CD, Zoharum, 2008
While there may not seem to be that much happening over the 37-minute span that is Silesian dark ambient producer Hoarfrost’s debut release, “Ground Zero”, it quite rapidly becomes evident that this is entirely the idea: this album is intended to embody the concept of human existence as a disposable commodity. Minimalist though his approach may be, it carries with it an unexpected complexity within its associated atmospheric quality.
The album drags the listener on a journey through an abandoned, desolate wasteland. Degraded, rough electronic impulses stream across yawning chasms, leaving a distinct impression of sonic vertigo in their wake.
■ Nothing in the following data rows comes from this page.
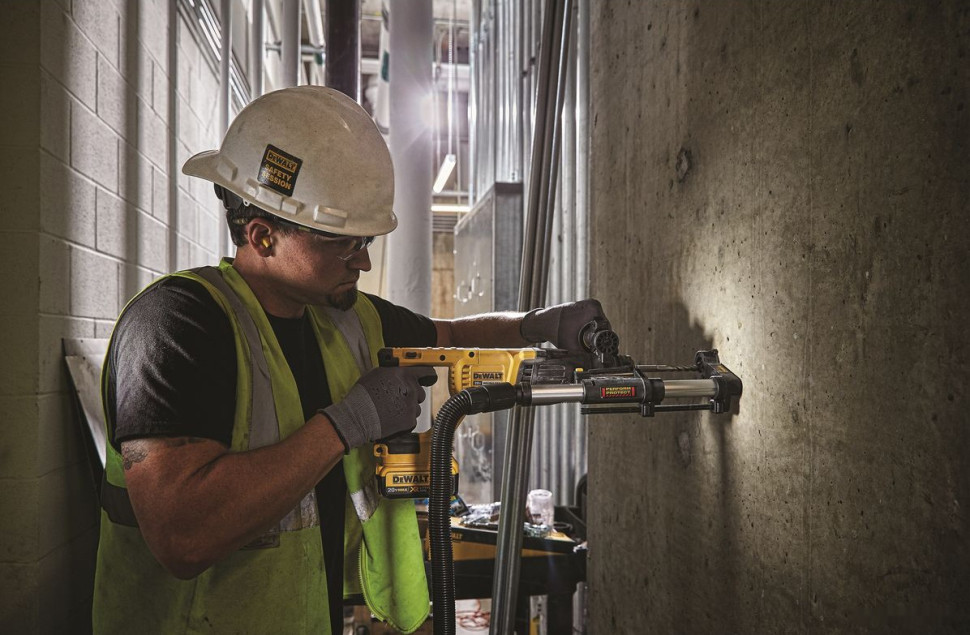 Перфоратор DeWALT DCH133N (без АКБ) Перфоратор DeWALT DCH133N (без АКБ)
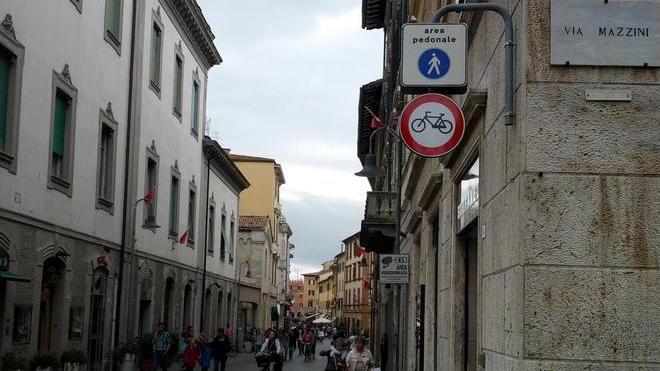 Rischia la multa chi va in bici nel corso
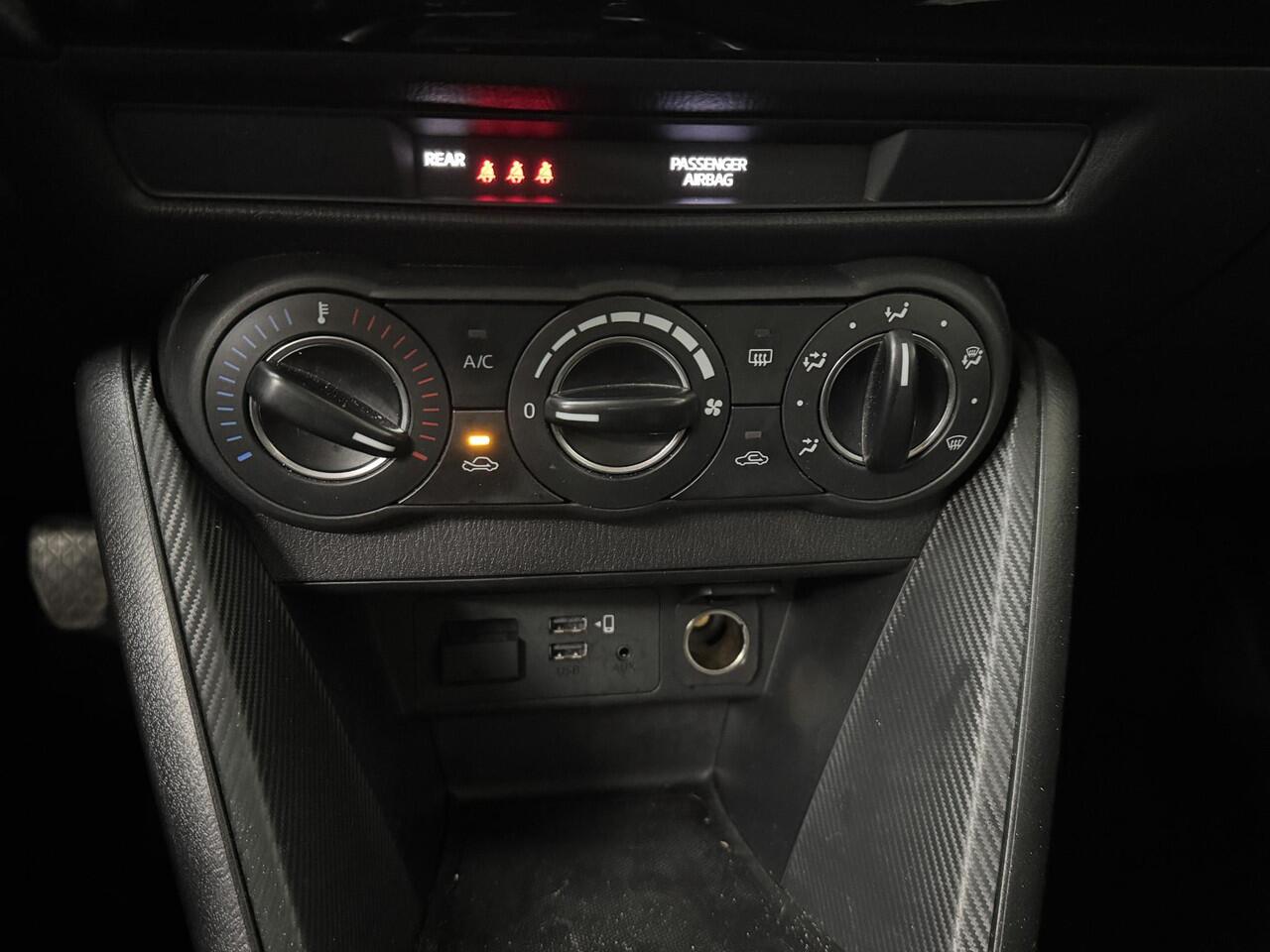 Mazda 2 1.5 Skyactiv-G Sportive | Navigatie | Camera | Cruise control | Lichtmetalen velgen 16" |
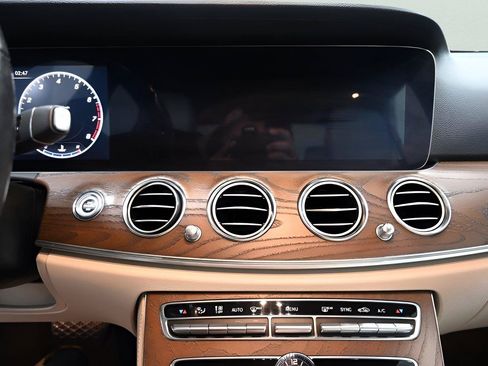 Used 2020 Mercedes-Benz E 450 4MATIC Sedan image 24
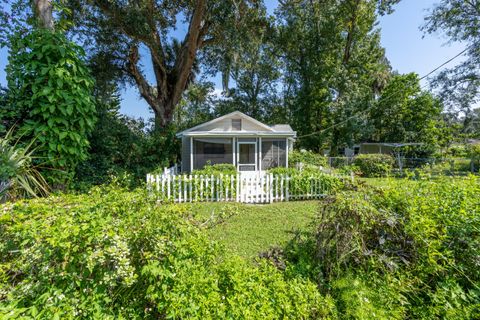 A home in Holly Hill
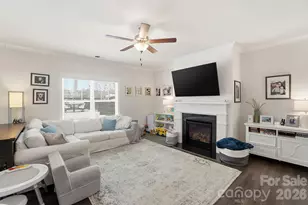 10302 Old Carolina Dr, Charlotte, NC 28214 - Photo 9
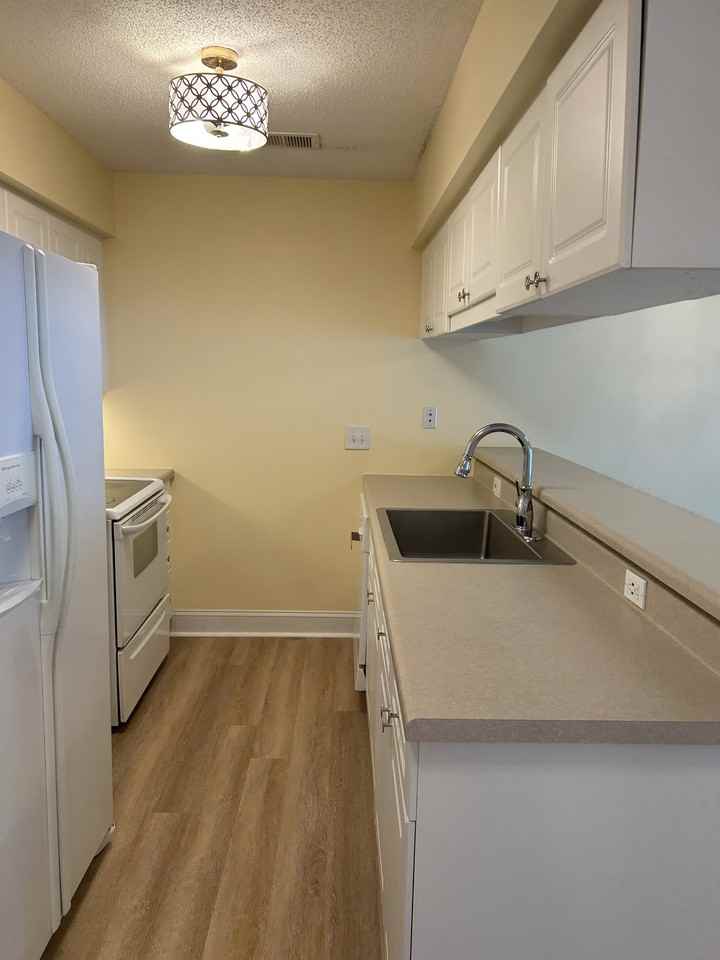 627 Woodmoor Drive 302 - 1 #1 - Photo 4 of 30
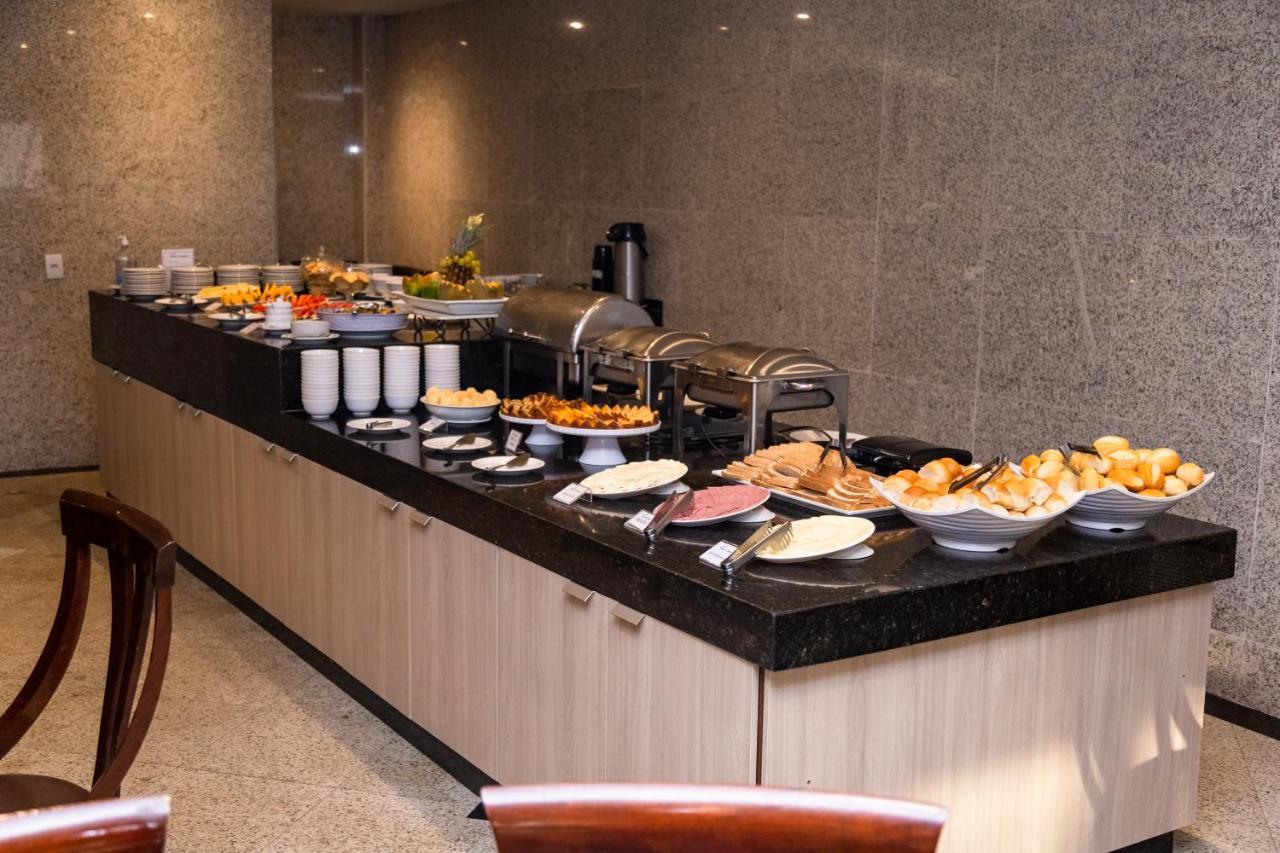 Plaza Praia Suites Fortaleza  Exteriör bild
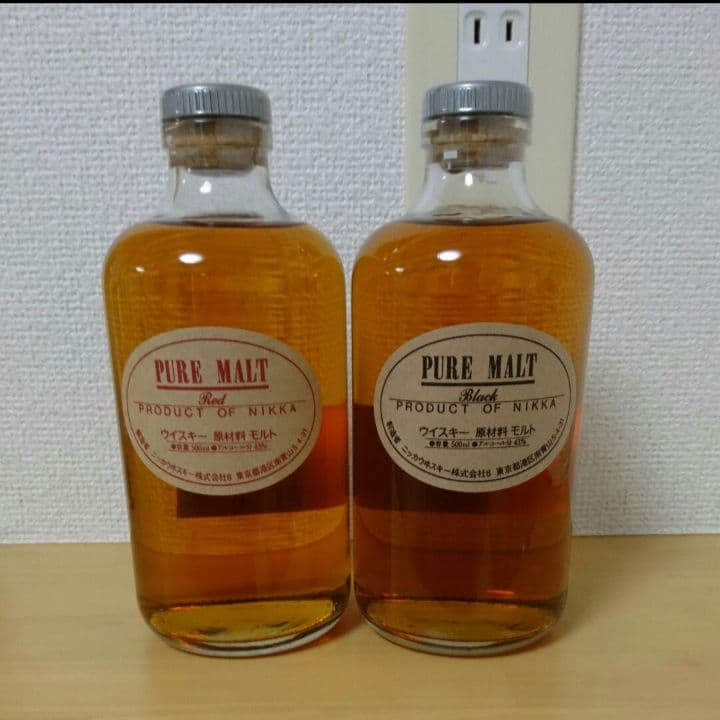 ウイスキー ニッカ ピュアモルト ブラック＆レッド 限定 新品　②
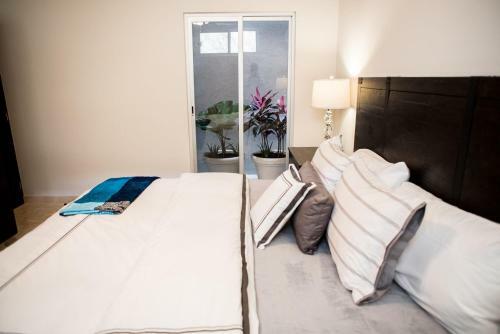 Cascadas de Pedregal 711 3 Br By Casago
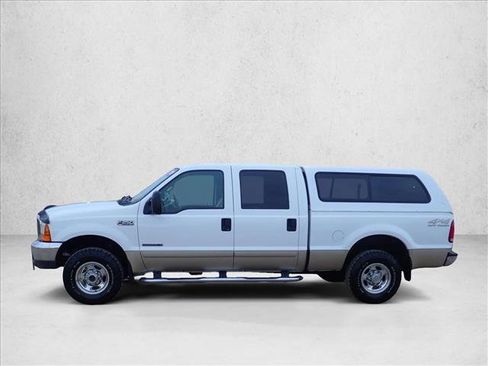 Used 2001 Ford F250 Lariat image 2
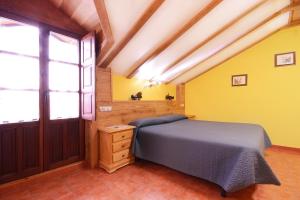 a bedroom with a bed and a large window at Posada Casa Rosalia in Sámano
Crackling, vague signal interference hints at forgotten communications (especially so on “Red Alert” – the only track to utilize any form of vocal sampling) while drawn-out bursts of static rip through the whole on winds of distortion. The included video for “From Here to Ruins” further reinforces this post-human, alien concept: a single viewpoint flashes across rubble and the detritus of a civilization long since consigned to history. Filmed in oversaturated greens and purples set against the dull grey of broken concrete, it carries with it a sense of not belonging, of being a visitor to the scene of some catastrophe – much like the feeling aroused by imagery of the outlying villages and towns around the Chernobyl site. Disaster, destruction and despair all vie for your attention, but it’s the overwhelming sense of loss that prevails – of human existence reduced to nothingness, all its fragility revealed in an instant of annihilation.
“Ground Zero” is thus a prime example of uneasy listening music. It is a musical representation of fallout and not something one can ever be comfortable with. It is thought provoking and unsettling, and this is why Hoarfrost will never be hugely popular. A select audience of pessimists will relate to its message, but most will simply wonder why nothing happens for nearly forty minutes, why there are no easily interpreted builds and breaks to dance to, and why they have an uncontrollable urge to drown their sorrows. If anything, “Ground Zero” is anti-ambient. Instead of creating atmosphere, it entirely destroys it.